§ **Your goal**
Output exactly the lines of the listing below that run from the line with "HALF SHEET Disney" through the line with "VOLVO V70 2010". No pictures.

***** Record excerpts

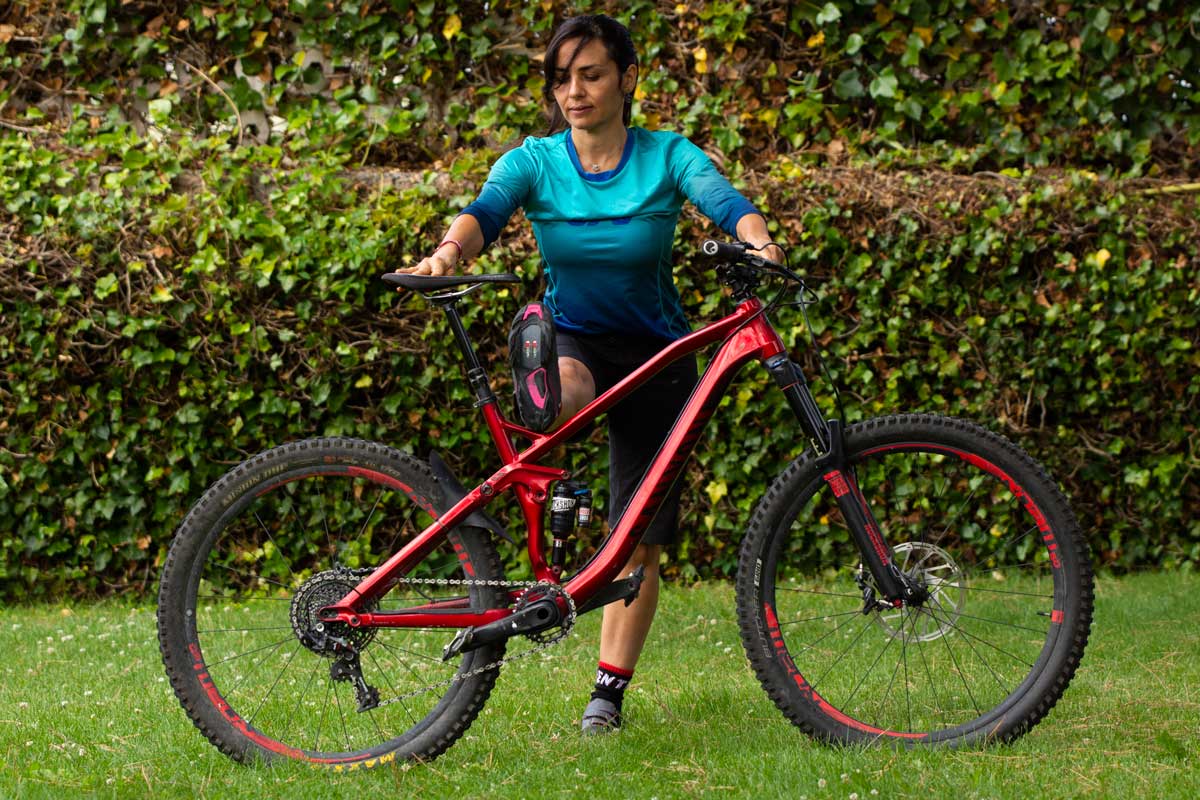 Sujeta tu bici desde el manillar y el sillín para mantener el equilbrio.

**********
***** Record excerpts

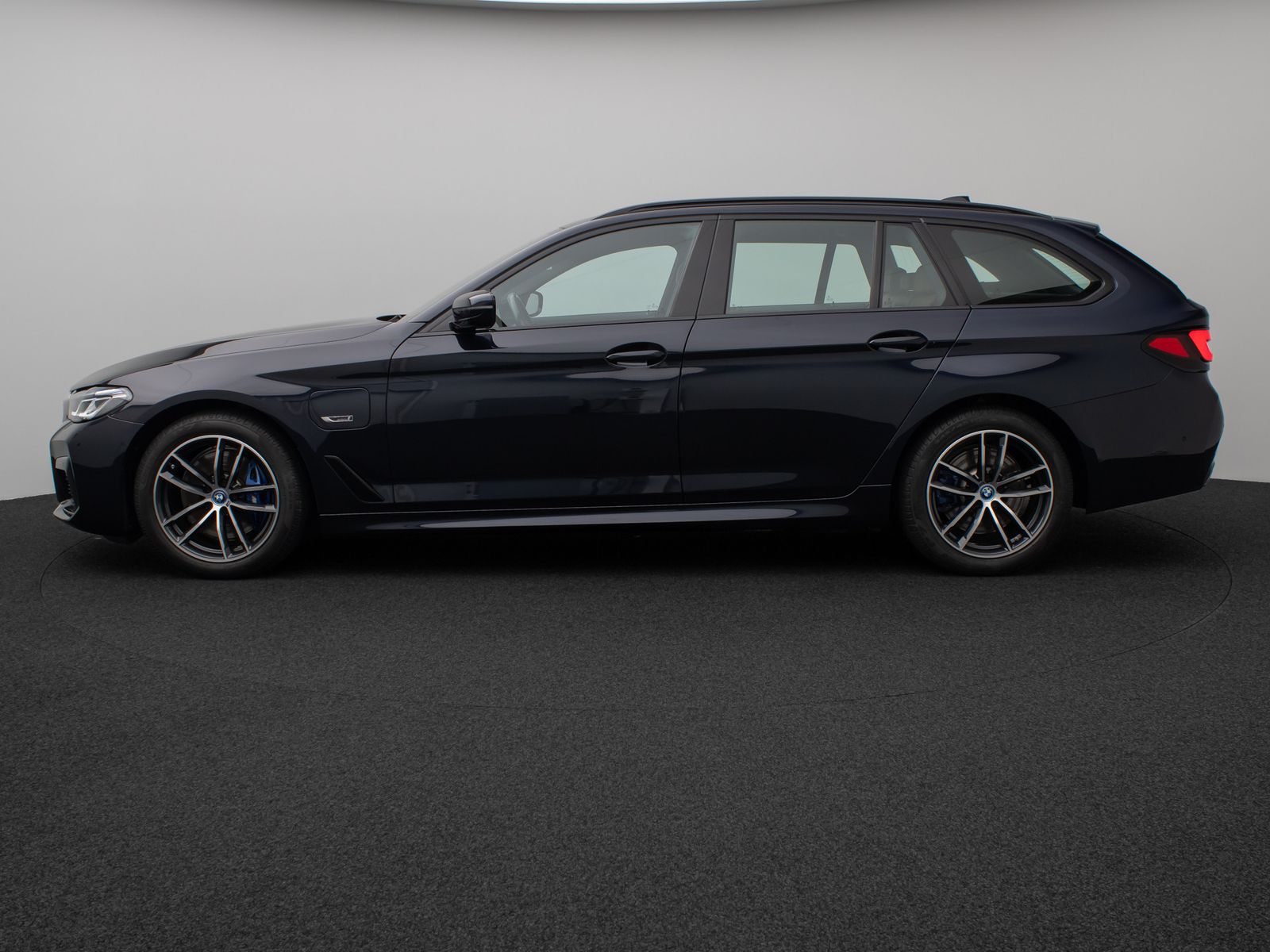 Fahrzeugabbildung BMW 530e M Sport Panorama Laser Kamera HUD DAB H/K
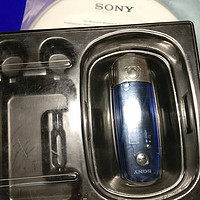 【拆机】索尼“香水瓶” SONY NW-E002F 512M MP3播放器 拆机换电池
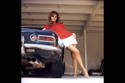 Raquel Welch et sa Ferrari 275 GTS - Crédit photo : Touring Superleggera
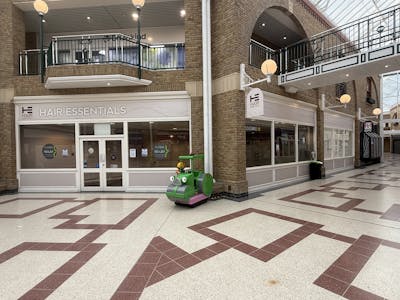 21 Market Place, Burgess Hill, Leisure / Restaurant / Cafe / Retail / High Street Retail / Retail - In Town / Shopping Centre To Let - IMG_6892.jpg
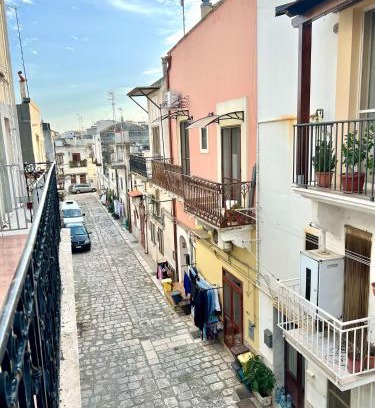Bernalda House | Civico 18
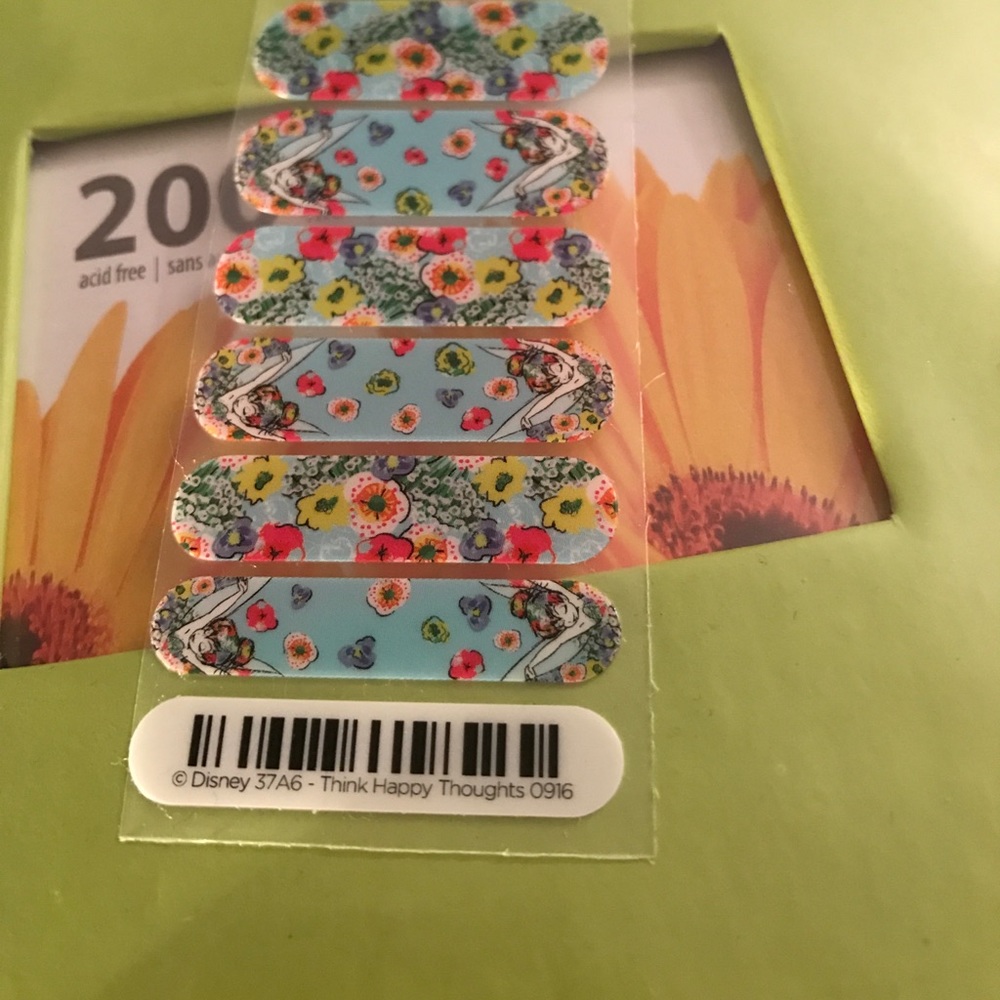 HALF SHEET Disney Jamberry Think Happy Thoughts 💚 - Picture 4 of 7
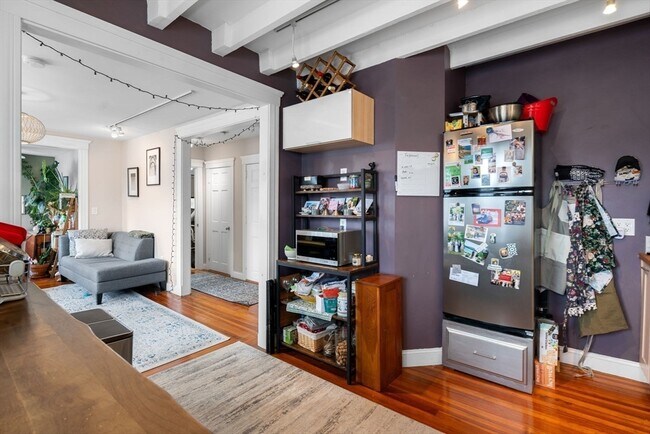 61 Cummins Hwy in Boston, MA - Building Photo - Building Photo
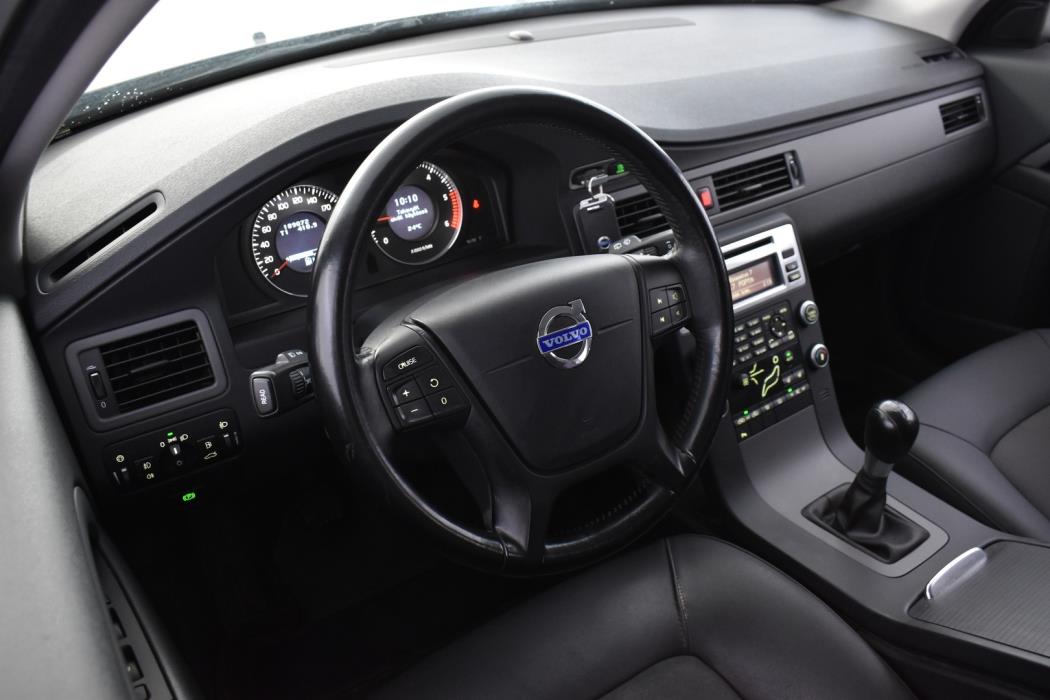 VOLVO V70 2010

**********

§ **Finished task**
 HALF SHEET Disney Jamberry Think Happy Thoughts 💚 - Picture 4 of 7
 61 Cummins Hwy in Boston, MA - Building Photo - Building Photo
 VOLVO V70 2010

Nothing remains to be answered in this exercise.